By the time Alberto Fujimori got loose and began to deal with his struggles, he was a wanted man. President of Peru from 1992 to 2000, he defeated the Shining Path revolutionaries by resorting to atrocities that rivaled those of this enemies. The dirty war in Peru took over 70,000 lives on both sides, and mass graves of military executions are still being found. Peru’s Equipo Peruano de Antropología Forense (Peruvian Forensic Anthropology Team) has made a striking documentary of the largest grave site, If I Don’t Come Back, Look for Me in Putis. After losing the 2000 presidential race, Fujimori fled to Japan after corruption schemes involving over a billion dollars came to light. He returned to South America in 2005 to run for president again the following year, but instead he was arrested, tried, convicted, and thrown in jail. With or without the truth, Fujimori was finally the loser.
Notes and Credits
All photographs were taken by the author, except as otherwise noted.

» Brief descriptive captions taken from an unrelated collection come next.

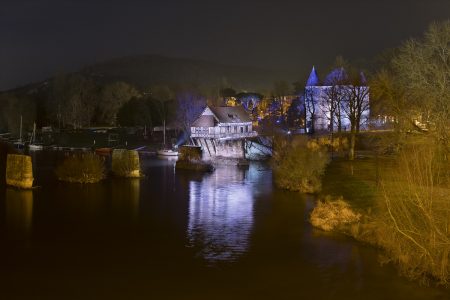 Mise en lumière des Tourelles et du Vieux Moulin de Vernon (27)
Concepteur lumière : Neo Light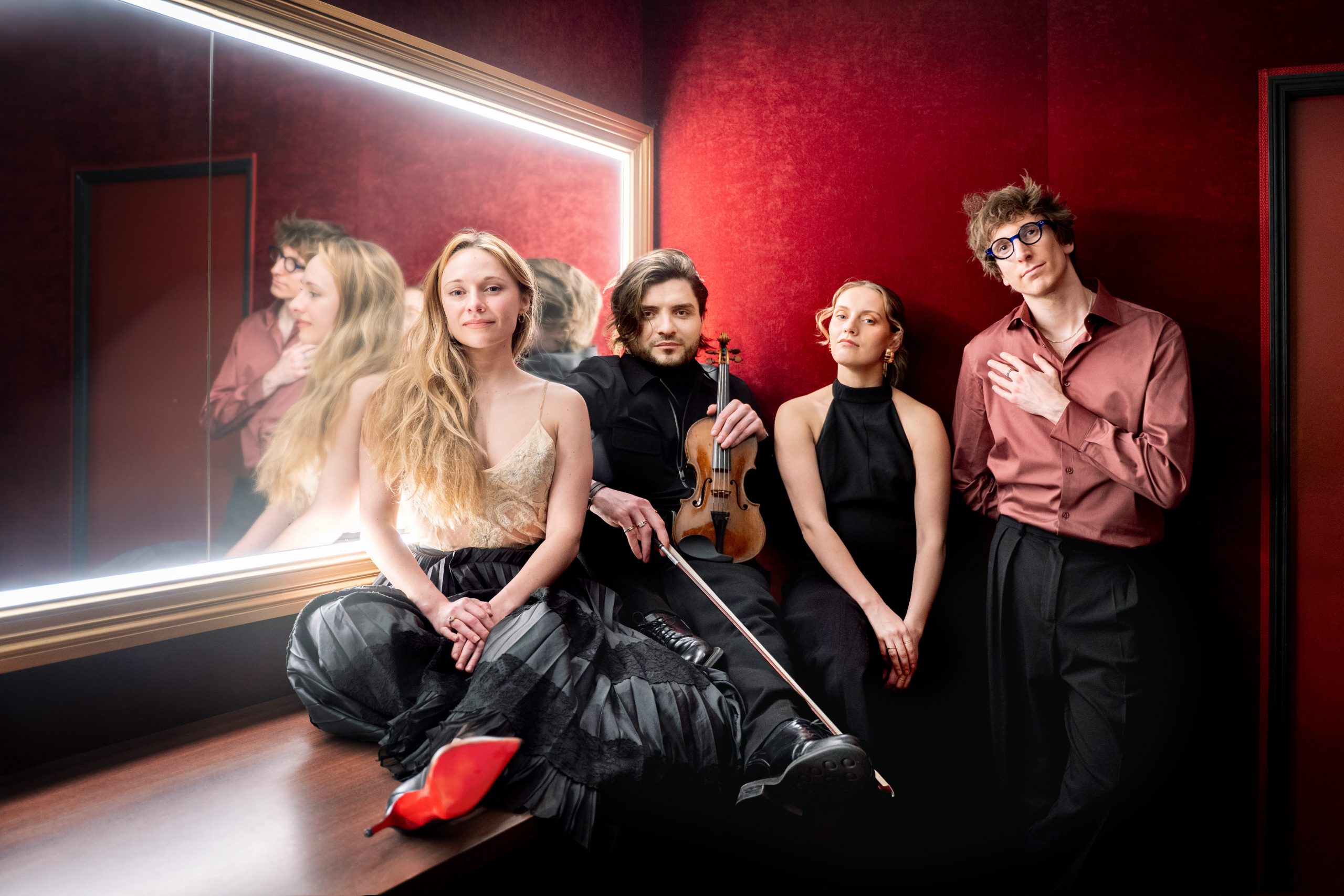 Les musiciens du Grissini Project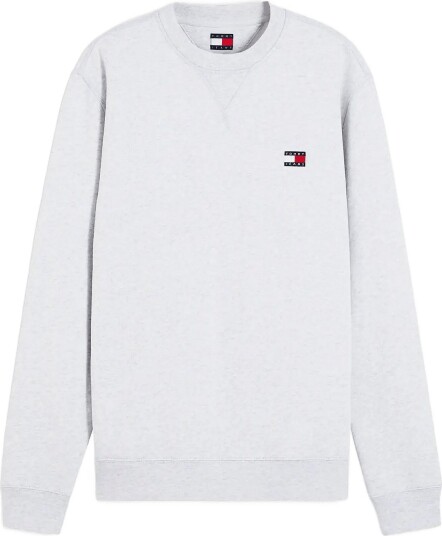 Tommy Jeans Tjm Reg Badge Crew Ext Grey XXXL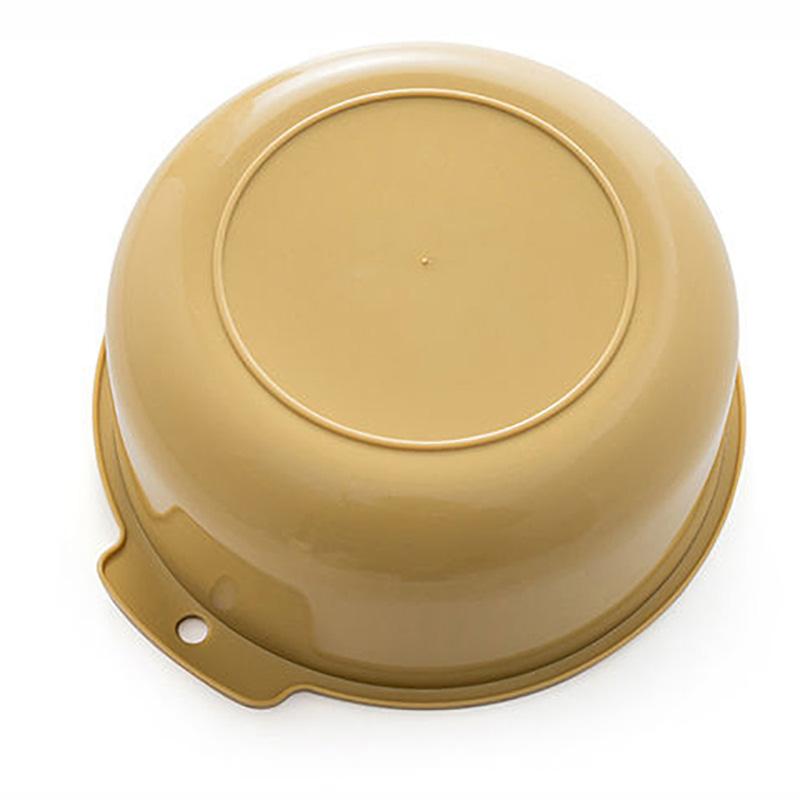 Dvojitá dutá miska na ovoce Plastový košík na zeleninu Domácnost Zahuštěný kuchyňský košík na ovoce Velký kreativní obývací pokoj Ovocný talíř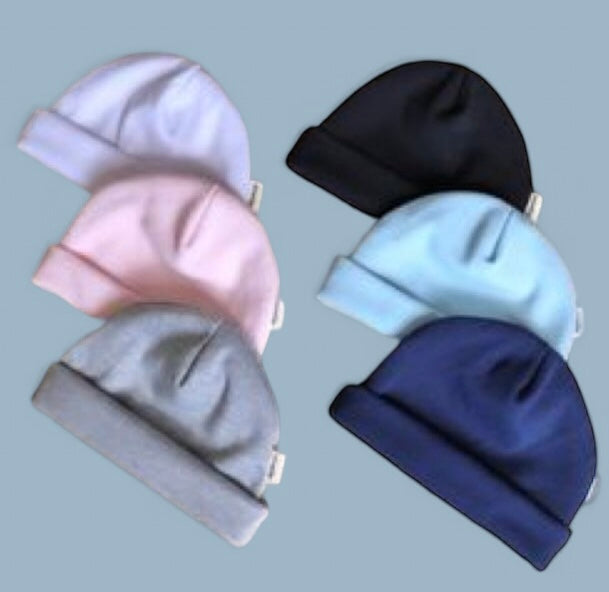 Gorrito a la base de 0 a 3 meses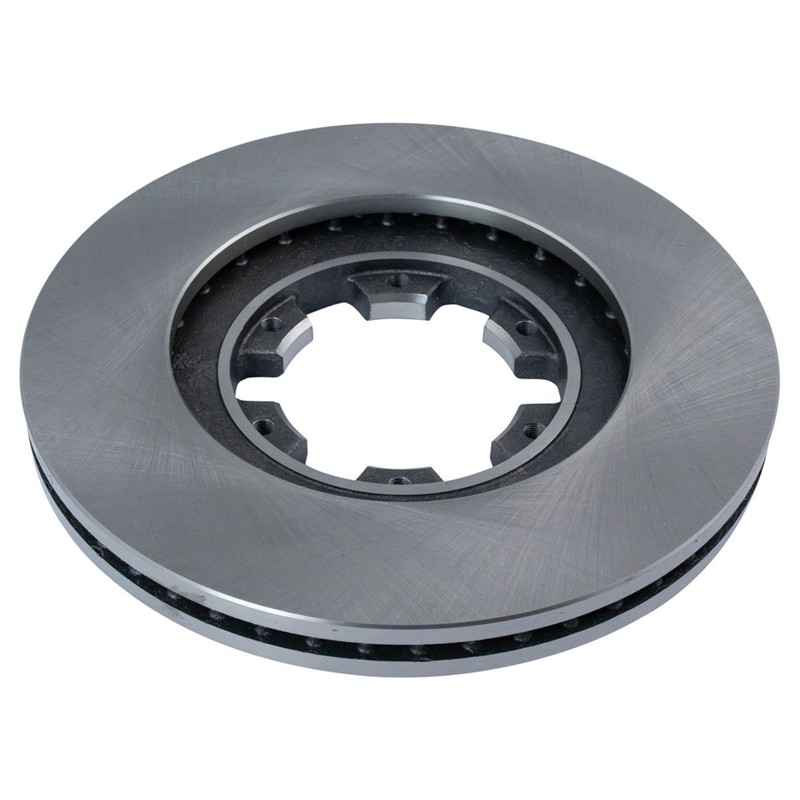 TRQ Ceramic Brake Pad & Rotor Front Kit for Nissan Pathfinder Infiniti QX4 gallery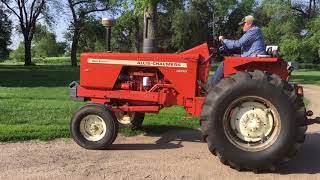 BigIron Auctions, 1968 Allis-Chalmers 180 2WD Tractor, July 3, 2019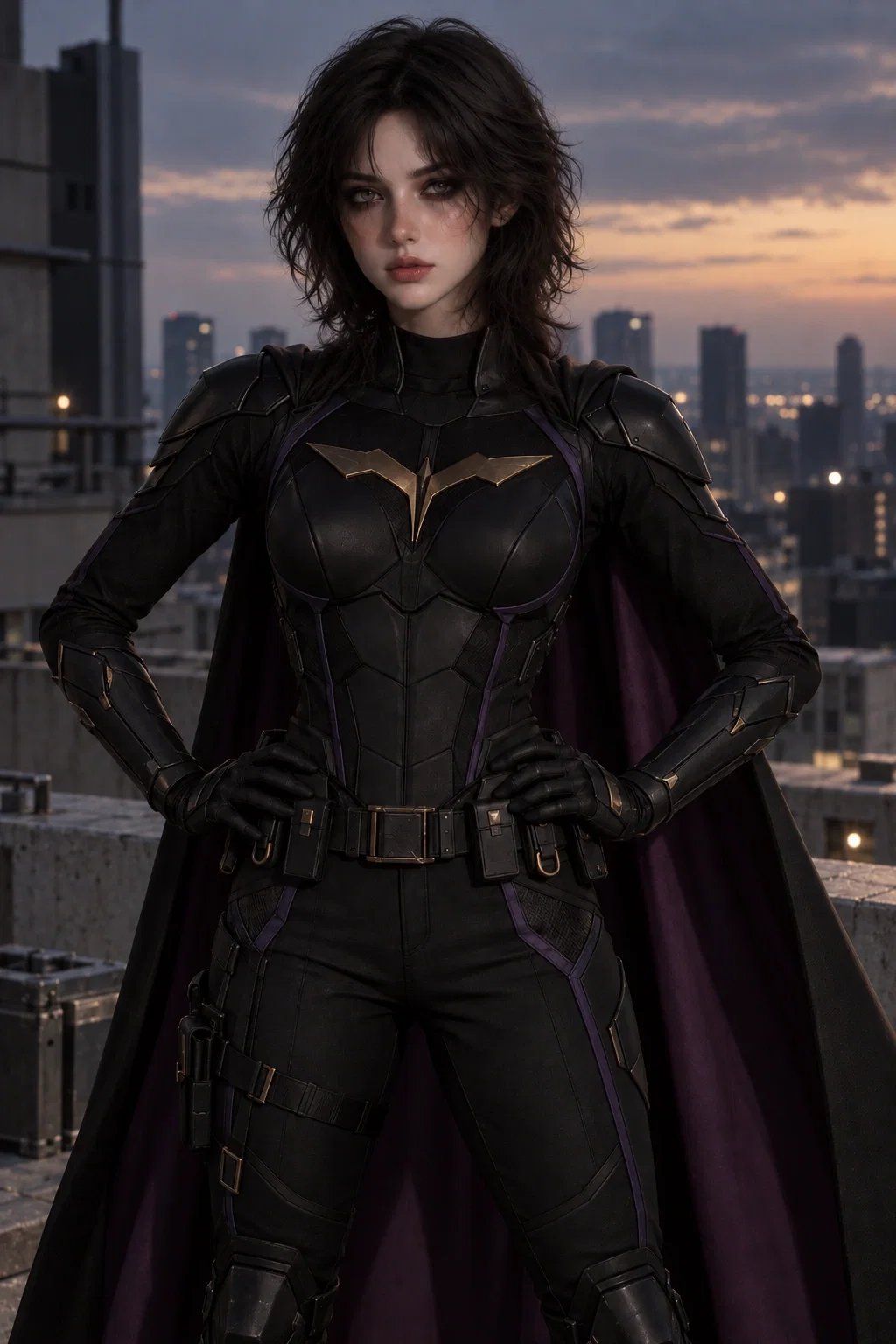 Cassandra Cain || She's just like her Dad.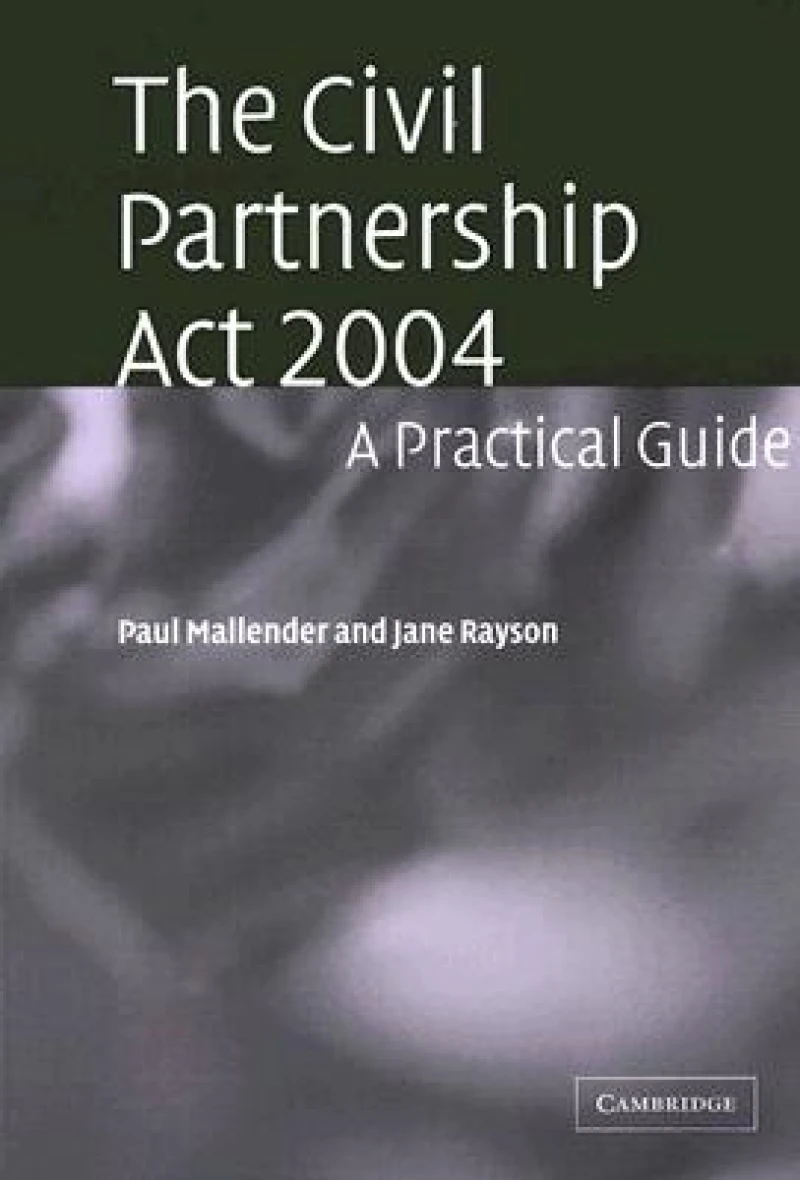 The Civil Partnership Act 2004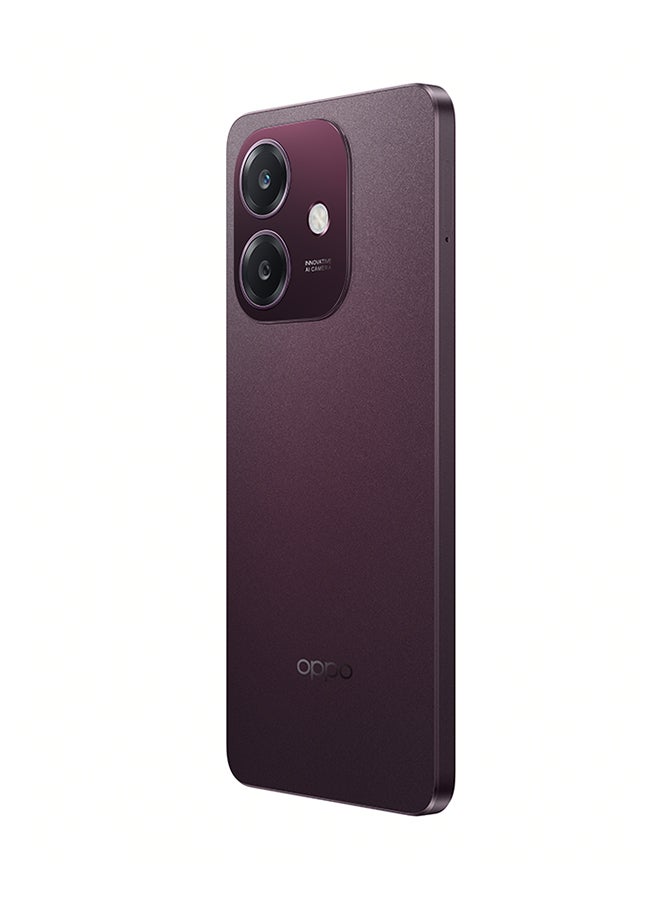 أوبو - هاتف A60 ثنائي الشريحة باللون الأحمر 6 جيجابايت رام 128 جيجابايت 5G - إصدار الشرق الأوسط مع سماعات بلوتوث O Choice - Image 1
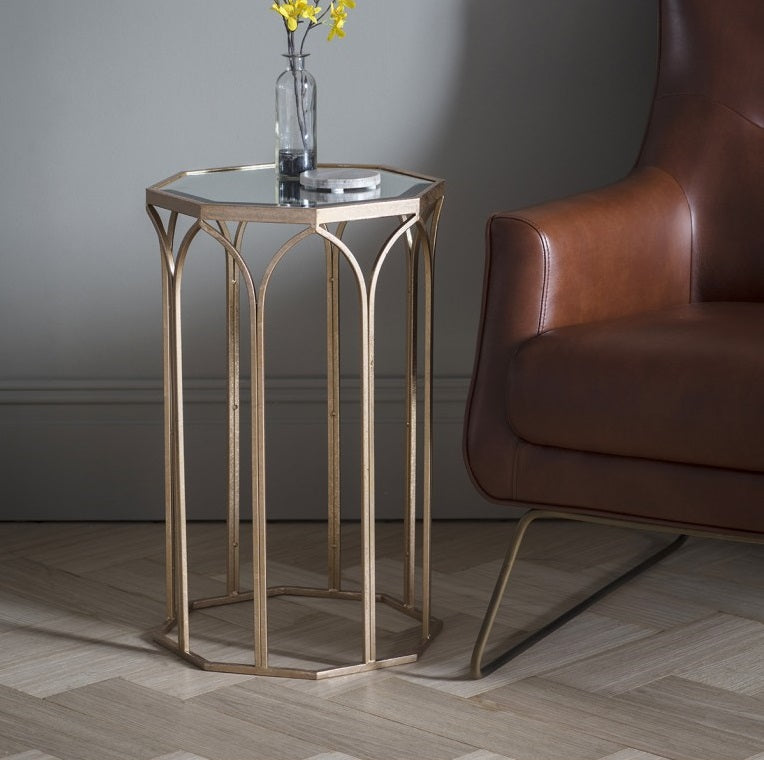 Octagonal Side Table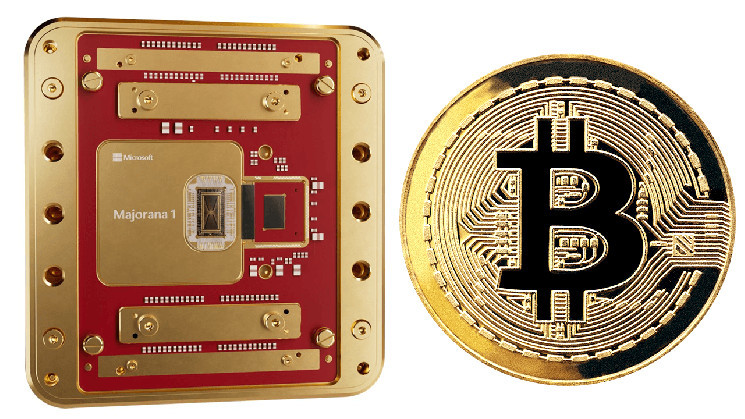 Can Bitcoin Outrun Microsoft’s Million-Qubit Countdown?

“Trust your struggle” appears on the approach ramp to the Ft. Hamilton Parkway Subway Station in Kensington, Brooklyn (zip code = 11218).
“Without truth you are the looser” was taken in Lisbon, Portugal in 2000. The ironies of this photograph go well beyond its mispelling. But that’s all I’m saying here.
“Fujimori Presidente” was also taken in 2000, on a trip I took to Peru with students from the college where I taught at the time. This political graffiti was seen on a fairly desolate road in the altiplano, the high plains of the Andes Mountains. We were on a bus on our way over the continental divide, which we crossed at around 16,000 feet, and then down, down, down to the Manu River Forest Preserve. The Manu River is a tributary of the Amazon River which at this point has just come rushing down from the Andes and is settling into the massive river it will become with each new tributary on its 2,000+ mile journey to the Atlantic Ocean at Belém.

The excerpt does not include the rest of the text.